Waste Control Specialists has 28 days from the date of the letter to deliver the requested supplemental information, but does not have to resubmit the license application. It has two weeks from June 22 to inform the NRC whether it can provide the information in that time period, according to Lombard. “If WCS is not able to respond within this time frame or RSI responses provided to the NRC do not provide sufficient information, the application may not be accepted for review.”
Waste Control Specialists spokesman Chuck McDonald said the company has already begun compiling the requested data and hopes to meet the schedule laid out in the letter.
“It is not unexpected. We were expecting a letter and we are working on a schedule and responses to them now,” he said in a telephone interview. He added: “It’s a lot of information, but we’re working on it.”
The company is seeking a 40-year license to build and operate a facility that could hold up to 40,000 metric tons of nuclear waste at the WCS complex in Andrews County, Texas. An NRC license application from Holtec International for a similar facility in New Mexico is expected in November.
The two sites together could store the more than 70,000 metric tons of spent fuel now kept on-site at commercial nuclear power facilities around the country. They – or facilities like them — would be key to the Obama administration’s consent-based siting plan for storage of nuclear waste, which calls for operation of a pilot storage facility by 2021; one or more interim facilities by 2025; and at least one permanent geologic repository by 2048.
The NRC letter cites three broad areas in which supplemental information is needed for the license application to advance:
- Waste Control Specialists has not “clearly defined” the licensing basis for the dry casks that would be used to store the fuel, including failing to submit references that form the safety basis. As the term indicates, the license basis encompasses the documents and technical criterial upon which the NRC will determine whether to approve the application.

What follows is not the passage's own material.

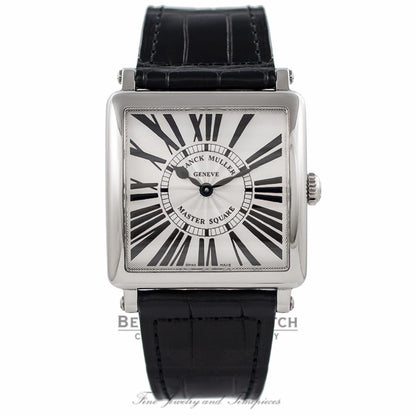 Franck Muller Master Square Quartz Stainless Steel Silver Dial Black Alligator Strap 6002 M QZ R - S5WH4K - Beverly Hills Watch Company Watch Store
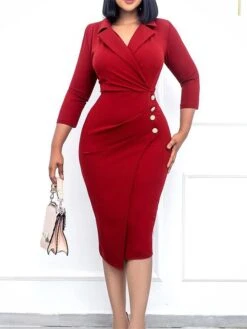 Women's Work Dress Blazer Dress Sheath Dress Fashion Winter Dress Office Daily Midi Dress Ruched Button Shirt Collar Long Sleeve Plain Regular Fit Black Red Green Fall Winter S M L XL XXL -Tesla Style czmuij1695267069628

- Rather than being restricted to already-approved storage casks, the application seems to include “future certificate of compliance (CoC) amendments that have not yet been reviewed and approved by the NRC.”
- Some sections of the application feature insufficient amounts of detail, including specifics on physical security and other mandatory programs at the facility.
A 30-page document attached to the letter features numerous specific requests for supplemental information, along with various “observations” – questions that do not necessarily need to be answered for the application to be accepted for NRC review, but which “may need further clarification” during the review process.